The Peace Corps image was saved for the moment.
Another important language of the Malay Peninsular is Chinese. There are three main dialects spoken, Cantonese, Hakka and Teo-Chu. Mandarin is generally not known. The written language is the same for all. However, the spoken languages are quite different and all are tonal, i.e., the meaning is dependant on the pitch you use to say the word. It is hard for western ears to hear the differences in pitch as shown by the following experience.
At a restaurant near the river, I had eaten a wonderful dish, ng sow up with gau choi fah (duck with pigs leg with a vegetable that looked like chives.) I wanted to be able to order it on my own so I memorized the name in Cantonese. Sometime later, feeling very sure of myself, I ordered it in a restaurant stall near the flat where I lived. Well, instead of getting gau choi fah, I got cauliflower! They thought that I was speaking English. My trying to speak Chinese was given a set-back.
While I have not yet been able to find the picture for “Yee Too Fatt Restautant,” I have been able to find the one for “Zee Fatt Tailor.”

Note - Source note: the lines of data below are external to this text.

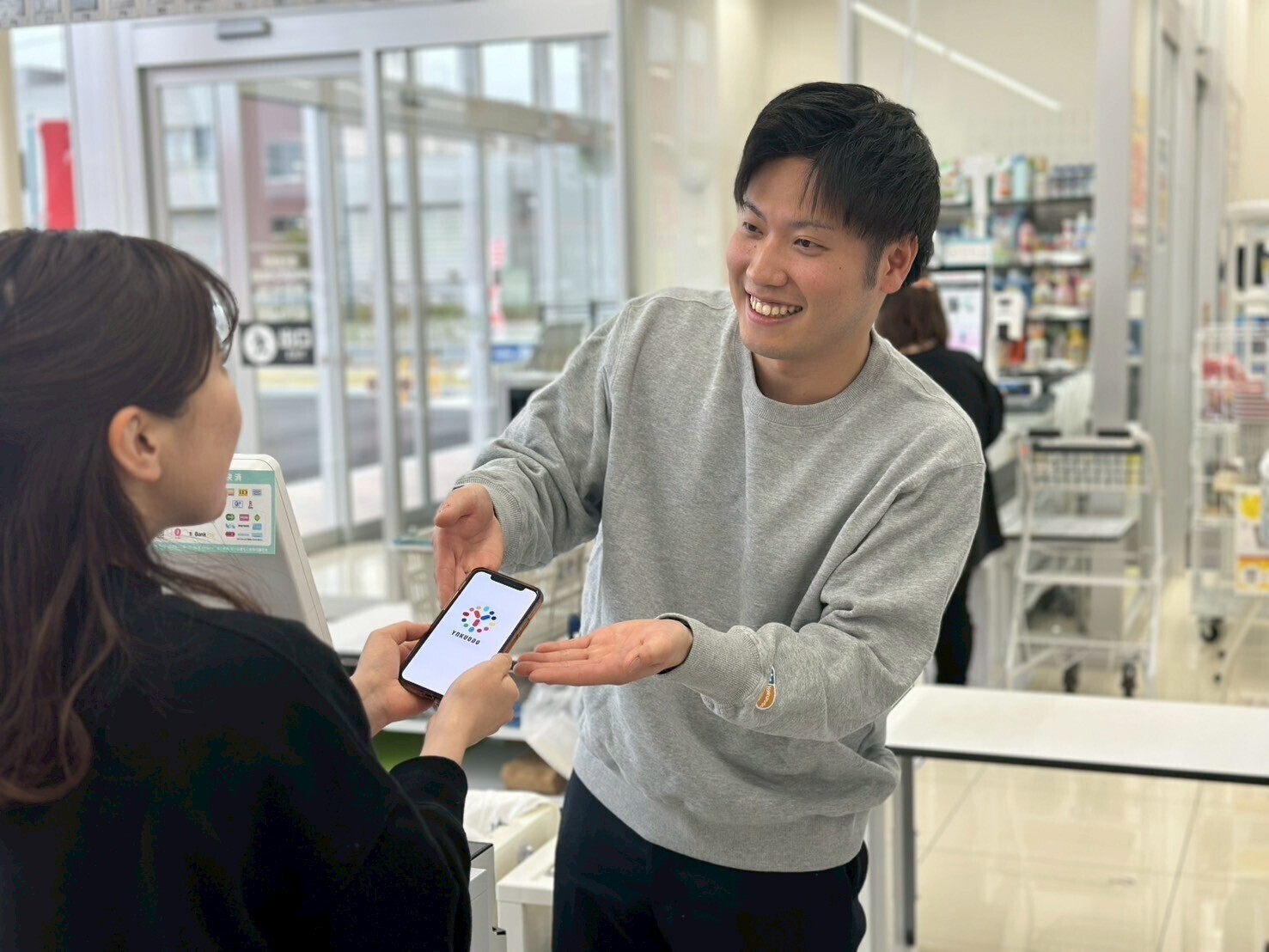 レジ対応中の男性店員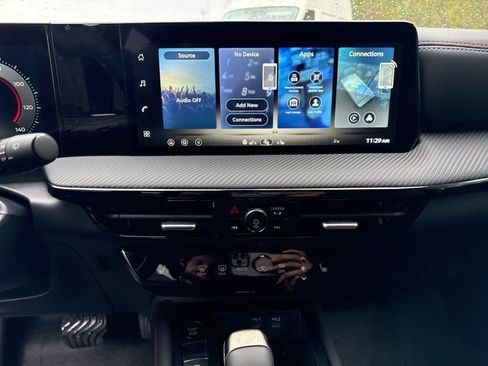 New 2026 Nissan Kicks SR w/ SR Premium Package AWD/4WD image 19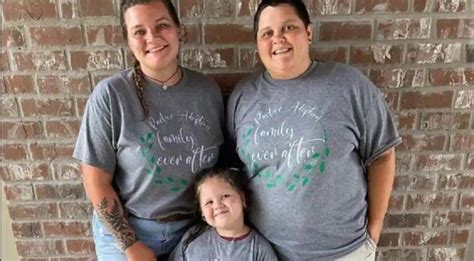 Gadis Tahun Ditendang Keluar Dari Sekolah Di Amerika Serikat Karena Memiliki Ibu Lesbian Riau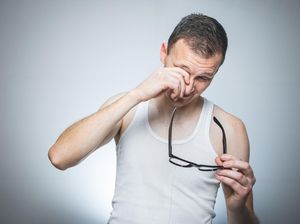 Ciri-ciri Mata Kedutan Tak Normal, Segera Cek ke Dokter Jika Keluhkan Ini Ciri-ciri Mata Kedutan Tak Normal, Segera Cek ke Dokter Jika Keluhkan Ini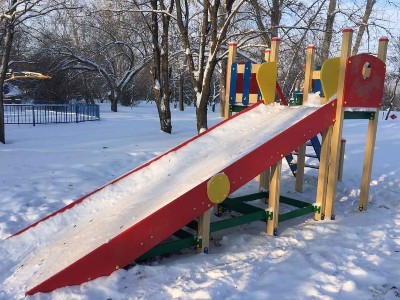 Детские зимние игровые горки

I also got a big kick of a panel truck that drove by my flat each day saying “Lee Kee Plumbers.”
Another example of pitch problems in Chinese is shown by the story of the Boy Scouts of Victoria Institution, where I directed their choir. One weekend I went with them on a camping trip to Cameron Highlands. It was here that they taught me to count from one to ten in Cantonese. I should have recognized that something was amiss, but didn’t heed the warning signs. The numbers are yat, yi, saam, sei, ng, luk, chat, baat, gau, and sap. Finally, I had learned them. Then they asked me to say the Cantonese for 1, 1, 9, 6, 7. No problem: Yat, Yat, Gau, Luk, Chat. Hilarious laughter! I didn’t know that if you said them in another tone it means “everyday man plays with himself.” For some unknown reason I still remember this expression many years later.
I still keep in touch with several and I written them in a separate memoir.
My favorite story happened during my first few weeks in the University of Malaya Library. Every morning as I went into the catalog department, containing about 12-15 people, I would say “Hi.” Everyone giggled. After several days of this, I asked my friend Eddie Yoh why they all laughed when I came into work. He said: “Don’t you know what “hi” means in Cantonese?” I assured him that I didn’t whereupon he said that it meant “vagina.”
“Hi” comes in handy in many situations – particularly as an opening when you meet someone new at a Chinese cocktail party.